→ WHAT THE TASK ASKS
Return, word for word, only the lines of the data below that lie between the line with "NAFLD - Lipid Management" and the line with "Defense Equipment Manufacturing", those two lines included.

→ SUPPLIED MATERIAL
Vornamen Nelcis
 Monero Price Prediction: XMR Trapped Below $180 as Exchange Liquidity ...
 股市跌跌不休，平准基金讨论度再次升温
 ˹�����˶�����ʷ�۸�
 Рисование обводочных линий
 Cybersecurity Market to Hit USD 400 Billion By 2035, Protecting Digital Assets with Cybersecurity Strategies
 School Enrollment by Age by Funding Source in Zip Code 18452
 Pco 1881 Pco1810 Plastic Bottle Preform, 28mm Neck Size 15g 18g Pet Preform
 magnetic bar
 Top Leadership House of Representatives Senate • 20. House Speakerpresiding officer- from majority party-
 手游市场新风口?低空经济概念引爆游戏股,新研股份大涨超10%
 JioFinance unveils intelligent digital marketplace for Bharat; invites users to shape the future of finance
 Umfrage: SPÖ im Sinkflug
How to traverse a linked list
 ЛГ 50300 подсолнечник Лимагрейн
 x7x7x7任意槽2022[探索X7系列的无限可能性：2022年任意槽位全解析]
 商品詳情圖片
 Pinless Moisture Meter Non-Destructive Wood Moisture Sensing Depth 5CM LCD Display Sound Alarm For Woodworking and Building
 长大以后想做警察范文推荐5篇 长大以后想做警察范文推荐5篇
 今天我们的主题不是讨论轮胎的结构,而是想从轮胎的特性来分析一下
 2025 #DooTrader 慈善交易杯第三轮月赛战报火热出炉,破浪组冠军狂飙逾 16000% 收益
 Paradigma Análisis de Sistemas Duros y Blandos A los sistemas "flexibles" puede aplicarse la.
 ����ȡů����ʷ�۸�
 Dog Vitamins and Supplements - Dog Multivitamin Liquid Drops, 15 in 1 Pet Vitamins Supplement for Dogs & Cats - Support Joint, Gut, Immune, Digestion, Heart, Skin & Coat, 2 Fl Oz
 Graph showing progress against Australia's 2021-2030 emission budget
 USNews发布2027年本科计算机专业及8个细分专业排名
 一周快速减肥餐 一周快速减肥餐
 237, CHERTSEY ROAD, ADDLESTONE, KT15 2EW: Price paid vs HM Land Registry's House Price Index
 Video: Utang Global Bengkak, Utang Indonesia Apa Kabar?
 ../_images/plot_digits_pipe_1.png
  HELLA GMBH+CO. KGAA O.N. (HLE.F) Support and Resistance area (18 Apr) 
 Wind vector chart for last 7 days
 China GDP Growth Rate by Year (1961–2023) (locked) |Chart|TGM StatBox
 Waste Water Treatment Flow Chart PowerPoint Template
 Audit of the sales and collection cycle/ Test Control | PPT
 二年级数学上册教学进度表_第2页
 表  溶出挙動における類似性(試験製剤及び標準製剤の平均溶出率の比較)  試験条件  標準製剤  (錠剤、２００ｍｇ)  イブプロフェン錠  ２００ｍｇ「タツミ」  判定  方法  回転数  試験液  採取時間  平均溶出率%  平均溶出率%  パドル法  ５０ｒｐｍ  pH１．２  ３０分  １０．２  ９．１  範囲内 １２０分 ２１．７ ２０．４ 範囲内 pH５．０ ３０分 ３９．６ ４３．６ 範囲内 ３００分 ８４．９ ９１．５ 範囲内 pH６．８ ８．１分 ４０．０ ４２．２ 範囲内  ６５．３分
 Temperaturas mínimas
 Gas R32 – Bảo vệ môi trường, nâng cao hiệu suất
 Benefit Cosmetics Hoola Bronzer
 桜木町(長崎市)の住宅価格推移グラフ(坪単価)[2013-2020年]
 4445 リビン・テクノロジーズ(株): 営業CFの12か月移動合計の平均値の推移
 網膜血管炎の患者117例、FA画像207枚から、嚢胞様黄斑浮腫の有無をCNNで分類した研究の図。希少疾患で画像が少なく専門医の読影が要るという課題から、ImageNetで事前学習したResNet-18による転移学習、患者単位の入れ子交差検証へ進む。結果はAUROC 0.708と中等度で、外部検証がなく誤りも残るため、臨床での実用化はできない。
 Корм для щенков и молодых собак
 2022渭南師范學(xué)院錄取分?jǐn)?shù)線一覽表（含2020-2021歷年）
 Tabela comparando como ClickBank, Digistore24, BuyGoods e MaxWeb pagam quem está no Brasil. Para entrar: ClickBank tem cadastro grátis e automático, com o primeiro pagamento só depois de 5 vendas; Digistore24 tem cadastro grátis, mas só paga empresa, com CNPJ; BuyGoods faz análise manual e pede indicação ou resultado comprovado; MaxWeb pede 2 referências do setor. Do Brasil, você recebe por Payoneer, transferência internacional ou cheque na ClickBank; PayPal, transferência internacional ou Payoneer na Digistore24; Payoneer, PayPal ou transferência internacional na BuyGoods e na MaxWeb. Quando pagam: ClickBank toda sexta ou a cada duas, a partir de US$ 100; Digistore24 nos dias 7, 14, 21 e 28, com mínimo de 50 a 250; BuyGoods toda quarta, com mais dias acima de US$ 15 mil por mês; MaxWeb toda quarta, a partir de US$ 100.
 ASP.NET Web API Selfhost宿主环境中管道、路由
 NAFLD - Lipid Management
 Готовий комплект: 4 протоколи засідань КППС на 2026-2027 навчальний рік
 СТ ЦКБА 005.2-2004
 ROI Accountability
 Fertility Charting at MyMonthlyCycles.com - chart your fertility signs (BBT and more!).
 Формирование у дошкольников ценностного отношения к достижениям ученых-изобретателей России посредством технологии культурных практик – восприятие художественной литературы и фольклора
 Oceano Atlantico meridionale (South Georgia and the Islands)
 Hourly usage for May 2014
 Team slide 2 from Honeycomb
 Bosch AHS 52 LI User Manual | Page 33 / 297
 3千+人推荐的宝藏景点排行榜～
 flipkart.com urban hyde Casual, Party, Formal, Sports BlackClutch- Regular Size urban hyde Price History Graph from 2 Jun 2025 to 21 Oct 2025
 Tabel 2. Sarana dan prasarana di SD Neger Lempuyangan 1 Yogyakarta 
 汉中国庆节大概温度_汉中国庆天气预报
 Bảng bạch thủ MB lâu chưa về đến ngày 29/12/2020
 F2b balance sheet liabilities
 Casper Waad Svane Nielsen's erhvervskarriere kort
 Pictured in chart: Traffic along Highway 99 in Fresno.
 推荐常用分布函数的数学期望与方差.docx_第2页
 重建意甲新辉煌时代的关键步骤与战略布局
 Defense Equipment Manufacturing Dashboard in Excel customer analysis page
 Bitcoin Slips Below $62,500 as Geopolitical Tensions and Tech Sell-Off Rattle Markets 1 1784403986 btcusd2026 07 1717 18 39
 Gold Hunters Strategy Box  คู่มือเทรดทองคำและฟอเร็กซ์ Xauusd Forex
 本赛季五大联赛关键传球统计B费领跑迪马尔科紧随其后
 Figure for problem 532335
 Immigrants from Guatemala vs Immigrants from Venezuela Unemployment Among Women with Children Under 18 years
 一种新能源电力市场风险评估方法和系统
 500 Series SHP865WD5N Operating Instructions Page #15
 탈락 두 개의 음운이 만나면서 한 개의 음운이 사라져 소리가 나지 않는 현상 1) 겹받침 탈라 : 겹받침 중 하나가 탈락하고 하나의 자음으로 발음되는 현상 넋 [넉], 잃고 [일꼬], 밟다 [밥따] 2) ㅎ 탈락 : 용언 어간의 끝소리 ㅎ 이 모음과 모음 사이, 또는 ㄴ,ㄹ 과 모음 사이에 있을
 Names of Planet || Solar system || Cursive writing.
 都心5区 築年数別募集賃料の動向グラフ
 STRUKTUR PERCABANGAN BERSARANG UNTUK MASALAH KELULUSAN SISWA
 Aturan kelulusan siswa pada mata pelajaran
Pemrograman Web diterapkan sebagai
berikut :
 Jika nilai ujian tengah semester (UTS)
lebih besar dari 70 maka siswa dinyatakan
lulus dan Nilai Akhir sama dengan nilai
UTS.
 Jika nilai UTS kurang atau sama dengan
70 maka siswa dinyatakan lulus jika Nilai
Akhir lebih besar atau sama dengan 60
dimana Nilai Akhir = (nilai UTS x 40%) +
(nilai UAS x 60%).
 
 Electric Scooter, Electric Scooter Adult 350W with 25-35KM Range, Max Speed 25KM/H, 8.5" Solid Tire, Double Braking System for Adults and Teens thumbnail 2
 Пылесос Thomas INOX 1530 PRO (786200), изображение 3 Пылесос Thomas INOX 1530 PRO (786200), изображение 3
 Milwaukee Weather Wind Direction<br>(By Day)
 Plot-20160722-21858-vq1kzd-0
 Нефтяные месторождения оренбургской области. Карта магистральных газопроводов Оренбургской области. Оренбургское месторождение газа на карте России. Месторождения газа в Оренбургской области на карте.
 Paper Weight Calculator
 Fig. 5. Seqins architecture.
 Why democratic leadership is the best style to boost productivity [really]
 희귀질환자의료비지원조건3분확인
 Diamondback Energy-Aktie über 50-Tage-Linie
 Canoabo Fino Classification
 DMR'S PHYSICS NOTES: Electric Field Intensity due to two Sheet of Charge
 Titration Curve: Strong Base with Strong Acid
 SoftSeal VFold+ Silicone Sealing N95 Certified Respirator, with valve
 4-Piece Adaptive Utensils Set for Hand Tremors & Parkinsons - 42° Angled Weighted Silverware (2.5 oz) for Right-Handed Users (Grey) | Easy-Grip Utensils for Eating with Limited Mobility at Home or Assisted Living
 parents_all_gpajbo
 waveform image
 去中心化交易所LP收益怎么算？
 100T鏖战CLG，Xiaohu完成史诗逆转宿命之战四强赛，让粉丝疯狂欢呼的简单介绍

→ TASK RESPONSE
 NAFLD - Lipid Management
 Готовий комплект: 4 протоколи засідань КППС на 2026-2027 навчальний рік
 СТ ЦКБА 005.2-2004
 ROI Accountability
 Fertility Charting at MyMonthlyCycles.com - chart your fertility signs (BBT and more!).
 Формирование у дошкольников ценностного отношения к достижениям ученых-изобретателей России посредством технологии культурных практик – восприятие художественной литературы и фольклора
 Oceano Atlantico meridionale (South Georgia and the Islands)
 Hourly usage for May 2014
 Team slide 2 from Honeycomb
 Bosch AHS 52 LI User Manual | Page 33 / 297
 3千+人推荐的宝藏景点排行榜～
 flipkart.com urban hyde Casual, Party, Formal, Sports BlackClutch- Regular Size urban hyde Price History Graph from 2 Jun 2025 to 21 Oct 2025
 Tabel 2. Sarana dan prasarana di SD Neger Lempuyangan 1 Yogyakarta 
 汉中国庆节大概温度_汉中国庆天气预报
 Bảng bạch thủ MB lâu chưa về đến ngày 29/12/2020
 F2b balance sheet liabilities
 Casper Waad Svane Nielsen's erhvervskarriere kort
 Pictured in chart: Traffic along Highway 99 in Fresno.
 推荐常用分布函数的数学期望与方差.docx_第2页
 重建意甲新辉煌时代的关键步骤与战略布局
 Defense Equipment Manufacturing Dashboard in Excel customer analysis page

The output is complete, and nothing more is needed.